Question - What are your thoughts on moving from the 3/16 wire to 3/8? The boat originally had 3/16 but since I want to race this boat offshore I would like a beefier rig. Also, moving up to 3/8 the current headsail roller furling system will no longer work, should I replace to just buy hank on sails?
 
I look forward to a real answer from someone with rigging smarts, but just doubling all the wiring seems a bit heavy-handed to me. There are so many variables, and I suspect a lightweight boat like the Hobie is going to be especially sensitive to changes like that. Definitely get a professional rigger's input.
 
And that's why I'm asking here. You say you think the boat would be "sensitive" to these changes, but I'm not sure why it would be; I've got a lot to learn before I hopefully make it to the starting line of the 2018 SHTP.
 
Why would you not increase the size from 3/16 to 1/4"? I think 3/8" is way to large for a H33. I have much more stress on my 31' boat and use 1/4". The 3/8" is heavier...... a lot heavier than 3/16" so more "sensitive" means it's performance would be diminished with more weight aloft, especially shorthanded on an already tippy boat.
 
I said 3/8 because that is what came to my mind 1st. I'm not against going to 1/4 if the rigger, or people here, say it's better. I'm just trying to prep the boat for offshore racing and the 3/16 wire just looks too small.
 
The weight increase going to 3/8 from 3/16 is on the order of 290% (as in 3 times as heavy). Assuming something like 15 pounds of wire (ignoring terminal fittings and not even using a cocktail napkin for this "analysis") for 3/16 your suggested upgrade will add about 30 pounds aloft. That's a huge amount of weight in exactly the wrong place and all for an unnecessary modification. Even going to 1/4 will almost double the weight of the wire (Area = piRsquared thus 3/16 A = 0.11 and 1/4 A = 0.2). As Solo said you already have a "tippy" boat and adding weight aloft will make it even more so.
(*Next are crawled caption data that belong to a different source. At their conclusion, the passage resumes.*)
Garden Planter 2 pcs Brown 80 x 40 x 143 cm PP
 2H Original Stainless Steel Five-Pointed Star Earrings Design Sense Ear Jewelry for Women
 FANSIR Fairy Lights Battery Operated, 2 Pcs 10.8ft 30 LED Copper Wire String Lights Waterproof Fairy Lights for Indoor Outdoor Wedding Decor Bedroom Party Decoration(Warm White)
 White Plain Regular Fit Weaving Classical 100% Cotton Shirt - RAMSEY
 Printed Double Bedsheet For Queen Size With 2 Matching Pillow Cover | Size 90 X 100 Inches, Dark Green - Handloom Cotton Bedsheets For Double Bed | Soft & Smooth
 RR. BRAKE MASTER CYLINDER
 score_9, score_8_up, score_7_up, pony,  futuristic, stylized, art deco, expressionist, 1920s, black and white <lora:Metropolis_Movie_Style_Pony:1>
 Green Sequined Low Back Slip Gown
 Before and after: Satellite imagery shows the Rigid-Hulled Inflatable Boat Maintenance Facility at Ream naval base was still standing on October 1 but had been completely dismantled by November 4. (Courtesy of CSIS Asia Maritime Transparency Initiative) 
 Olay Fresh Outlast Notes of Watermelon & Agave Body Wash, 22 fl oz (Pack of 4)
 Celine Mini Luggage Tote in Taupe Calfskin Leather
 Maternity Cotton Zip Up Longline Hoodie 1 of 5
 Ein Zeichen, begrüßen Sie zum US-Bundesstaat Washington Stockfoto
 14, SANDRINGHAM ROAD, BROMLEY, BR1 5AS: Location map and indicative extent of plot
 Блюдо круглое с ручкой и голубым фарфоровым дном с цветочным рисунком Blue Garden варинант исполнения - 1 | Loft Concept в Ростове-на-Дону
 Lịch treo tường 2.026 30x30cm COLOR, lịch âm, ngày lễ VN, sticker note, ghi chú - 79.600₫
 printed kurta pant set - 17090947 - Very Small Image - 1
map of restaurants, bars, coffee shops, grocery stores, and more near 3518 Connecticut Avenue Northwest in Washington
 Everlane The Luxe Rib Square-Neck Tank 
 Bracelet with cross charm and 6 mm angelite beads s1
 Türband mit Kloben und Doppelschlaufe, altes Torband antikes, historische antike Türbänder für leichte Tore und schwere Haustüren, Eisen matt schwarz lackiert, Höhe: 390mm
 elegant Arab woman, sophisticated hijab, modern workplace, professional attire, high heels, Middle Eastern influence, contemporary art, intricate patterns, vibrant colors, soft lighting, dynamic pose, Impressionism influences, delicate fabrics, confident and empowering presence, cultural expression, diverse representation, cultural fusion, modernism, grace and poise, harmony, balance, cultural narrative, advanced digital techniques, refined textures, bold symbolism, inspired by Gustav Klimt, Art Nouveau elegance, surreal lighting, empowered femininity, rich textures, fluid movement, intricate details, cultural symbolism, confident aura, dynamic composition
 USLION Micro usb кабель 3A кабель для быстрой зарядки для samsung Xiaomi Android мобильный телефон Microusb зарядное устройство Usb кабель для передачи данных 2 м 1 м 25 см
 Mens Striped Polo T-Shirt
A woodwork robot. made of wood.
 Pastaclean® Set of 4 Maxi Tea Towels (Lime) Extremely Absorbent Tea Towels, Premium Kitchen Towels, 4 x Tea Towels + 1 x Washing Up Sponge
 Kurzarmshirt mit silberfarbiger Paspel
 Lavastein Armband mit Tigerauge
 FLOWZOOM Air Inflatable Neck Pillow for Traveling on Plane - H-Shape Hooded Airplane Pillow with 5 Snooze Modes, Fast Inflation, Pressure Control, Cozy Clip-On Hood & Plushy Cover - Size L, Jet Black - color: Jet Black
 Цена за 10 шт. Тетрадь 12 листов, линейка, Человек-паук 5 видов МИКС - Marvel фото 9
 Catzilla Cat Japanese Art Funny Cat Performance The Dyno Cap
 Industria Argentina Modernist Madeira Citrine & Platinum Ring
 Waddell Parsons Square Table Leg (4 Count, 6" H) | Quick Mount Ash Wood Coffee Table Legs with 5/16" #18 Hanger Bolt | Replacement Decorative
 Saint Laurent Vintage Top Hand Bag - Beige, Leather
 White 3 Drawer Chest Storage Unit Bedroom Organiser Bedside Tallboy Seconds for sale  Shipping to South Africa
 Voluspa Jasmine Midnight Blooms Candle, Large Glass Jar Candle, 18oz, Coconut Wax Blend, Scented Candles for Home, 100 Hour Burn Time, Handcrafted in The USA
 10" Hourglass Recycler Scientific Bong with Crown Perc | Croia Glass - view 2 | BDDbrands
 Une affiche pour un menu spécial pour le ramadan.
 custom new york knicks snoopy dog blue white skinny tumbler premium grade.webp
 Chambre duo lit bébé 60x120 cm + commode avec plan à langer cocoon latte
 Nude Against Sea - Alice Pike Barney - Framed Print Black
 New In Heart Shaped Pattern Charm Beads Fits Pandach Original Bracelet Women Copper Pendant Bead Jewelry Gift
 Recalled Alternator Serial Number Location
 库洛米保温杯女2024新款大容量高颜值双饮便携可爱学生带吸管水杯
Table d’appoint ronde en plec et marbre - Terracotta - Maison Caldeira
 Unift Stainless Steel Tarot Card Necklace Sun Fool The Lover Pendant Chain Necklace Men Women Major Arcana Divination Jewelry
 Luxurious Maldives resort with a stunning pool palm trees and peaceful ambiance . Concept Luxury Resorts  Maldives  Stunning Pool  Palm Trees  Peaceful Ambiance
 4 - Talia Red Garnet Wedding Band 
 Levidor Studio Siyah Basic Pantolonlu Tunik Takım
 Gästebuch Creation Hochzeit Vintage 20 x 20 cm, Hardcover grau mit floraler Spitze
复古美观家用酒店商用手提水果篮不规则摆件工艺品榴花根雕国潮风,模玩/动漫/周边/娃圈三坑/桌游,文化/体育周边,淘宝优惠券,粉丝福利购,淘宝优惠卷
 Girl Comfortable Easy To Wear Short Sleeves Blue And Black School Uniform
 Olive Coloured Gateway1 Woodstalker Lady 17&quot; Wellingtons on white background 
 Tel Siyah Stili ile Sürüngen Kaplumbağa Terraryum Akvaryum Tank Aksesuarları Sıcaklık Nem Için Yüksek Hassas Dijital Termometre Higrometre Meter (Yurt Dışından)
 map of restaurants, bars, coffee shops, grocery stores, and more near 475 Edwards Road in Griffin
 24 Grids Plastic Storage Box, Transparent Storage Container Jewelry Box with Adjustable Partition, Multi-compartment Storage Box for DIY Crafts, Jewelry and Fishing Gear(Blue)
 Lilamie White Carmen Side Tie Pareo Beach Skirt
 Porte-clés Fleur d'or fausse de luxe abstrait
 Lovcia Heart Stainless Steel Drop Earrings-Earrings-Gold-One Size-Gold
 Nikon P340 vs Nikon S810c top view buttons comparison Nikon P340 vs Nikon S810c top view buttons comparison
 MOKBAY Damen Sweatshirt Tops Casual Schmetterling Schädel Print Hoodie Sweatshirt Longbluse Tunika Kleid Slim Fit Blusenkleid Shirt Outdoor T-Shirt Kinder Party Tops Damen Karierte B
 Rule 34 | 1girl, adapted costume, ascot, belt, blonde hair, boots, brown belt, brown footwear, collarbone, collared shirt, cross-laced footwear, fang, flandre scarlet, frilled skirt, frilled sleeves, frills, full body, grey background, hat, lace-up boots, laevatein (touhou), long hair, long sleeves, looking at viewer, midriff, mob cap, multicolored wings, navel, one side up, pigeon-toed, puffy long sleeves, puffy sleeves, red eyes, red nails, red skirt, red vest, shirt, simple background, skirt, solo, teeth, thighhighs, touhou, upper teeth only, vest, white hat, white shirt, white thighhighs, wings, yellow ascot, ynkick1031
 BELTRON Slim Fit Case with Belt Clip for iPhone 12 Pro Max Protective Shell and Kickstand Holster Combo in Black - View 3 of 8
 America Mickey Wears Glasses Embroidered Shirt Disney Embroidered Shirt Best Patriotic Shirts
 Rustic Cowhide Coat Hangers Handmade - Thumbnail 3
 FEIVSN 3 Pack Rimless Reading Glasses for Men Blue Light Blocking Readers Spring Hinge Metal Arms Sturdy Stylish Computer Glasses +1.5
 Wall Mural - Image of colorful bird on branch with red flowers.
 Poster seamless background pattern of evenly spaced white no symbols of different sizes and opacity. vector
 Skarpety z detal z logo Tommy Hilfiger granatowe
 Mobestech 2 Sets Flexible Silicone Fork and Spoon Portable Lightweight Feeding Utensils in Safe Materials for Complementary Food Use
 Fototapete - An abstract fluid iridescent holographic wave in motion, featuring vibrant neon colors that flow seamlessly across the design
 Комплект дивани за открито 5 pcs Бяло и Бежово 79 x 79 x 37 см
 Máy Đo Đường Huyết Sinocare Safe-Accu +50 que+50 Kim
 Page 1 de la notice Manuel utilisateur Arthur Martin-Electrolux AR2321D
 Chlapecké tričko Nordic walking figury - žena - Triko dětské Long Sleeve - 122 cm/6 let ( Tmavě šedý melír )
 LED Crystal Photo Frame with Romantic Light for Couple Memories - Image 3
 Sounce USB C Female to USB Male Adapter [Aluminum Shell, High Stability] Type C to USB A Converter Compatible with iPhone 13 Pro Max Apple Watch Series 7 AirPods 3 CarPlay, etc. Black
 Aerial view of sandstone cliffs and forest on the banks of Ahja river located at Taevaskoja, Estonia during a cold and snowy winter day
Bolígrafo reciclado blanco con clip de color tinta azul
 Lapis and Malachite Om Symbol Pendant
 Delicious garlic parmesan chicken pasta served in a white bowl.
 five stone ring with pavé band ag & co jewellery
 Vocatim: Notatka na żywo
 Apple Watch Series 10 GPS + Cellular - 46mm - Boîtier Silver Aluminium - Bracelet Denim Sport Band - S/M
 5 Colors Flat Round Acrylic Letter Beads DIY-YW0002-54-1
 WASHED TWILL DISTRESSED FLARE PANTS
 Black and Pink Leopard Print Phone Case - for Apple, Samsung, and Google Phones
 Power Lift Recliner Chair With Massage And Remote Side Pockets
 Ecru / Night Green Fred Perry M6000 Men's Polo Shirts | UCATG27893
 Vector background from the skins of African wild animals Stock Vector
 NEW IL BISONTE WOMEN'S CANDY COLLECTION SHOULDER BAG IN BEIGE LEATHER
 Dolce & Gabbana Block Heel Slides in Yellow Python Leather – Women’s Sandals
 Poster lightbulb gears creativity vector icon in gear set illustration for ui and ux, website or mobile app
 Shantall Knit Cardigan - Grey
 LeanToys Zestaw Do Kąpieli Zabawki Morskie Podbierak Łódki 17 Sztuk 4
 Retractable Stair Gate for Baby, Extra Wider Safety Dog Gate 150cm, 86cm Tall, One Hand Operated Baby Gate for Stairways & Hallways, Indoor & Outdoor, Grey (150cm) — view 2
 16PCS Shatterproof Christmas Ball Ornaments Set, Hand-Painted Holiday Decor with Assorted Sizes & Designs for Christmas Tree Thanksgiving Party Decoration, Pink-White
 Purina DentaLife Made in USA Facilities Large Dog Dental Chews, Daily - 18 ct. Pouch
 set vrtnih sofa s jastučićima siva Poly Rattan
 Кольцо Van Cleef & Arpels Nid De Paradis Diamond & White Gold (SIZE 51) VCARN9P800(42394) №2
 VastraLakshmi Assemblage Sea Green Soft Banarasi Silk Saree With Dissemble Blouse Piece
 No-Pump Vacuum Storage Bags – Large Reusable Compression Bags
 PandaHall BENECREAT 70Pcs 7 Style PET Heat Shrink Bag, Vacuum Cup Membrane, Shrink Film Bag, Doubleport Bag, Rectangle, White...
The strength increase is from about 4,000 pounds breaking strength to about 15,000. Wire size/strength specifications for a vessel are based largely on the righting moment your boat can generate and when you talk to a rigger (and you need to talk to a rigger) you will likely find that the stock wire size is fine for your light boat. What you do need to spend time and money on is making sure all the bits and pieces are in good condition and properly assembled.

Good luck with the new boat.
 
3/8 is crazy. on a ULDB you would be better off considering synthetic pbo or maybe rod. but since you are in my division
, sure why not 3/8 or even 1/2?


Seriously, you can ask Gilles this question at next weeks seminar.
 
So, from everyone's input, and I appreciate it, it sounds like I'm over-thinking this and should not be trying to increase the standing rigging size.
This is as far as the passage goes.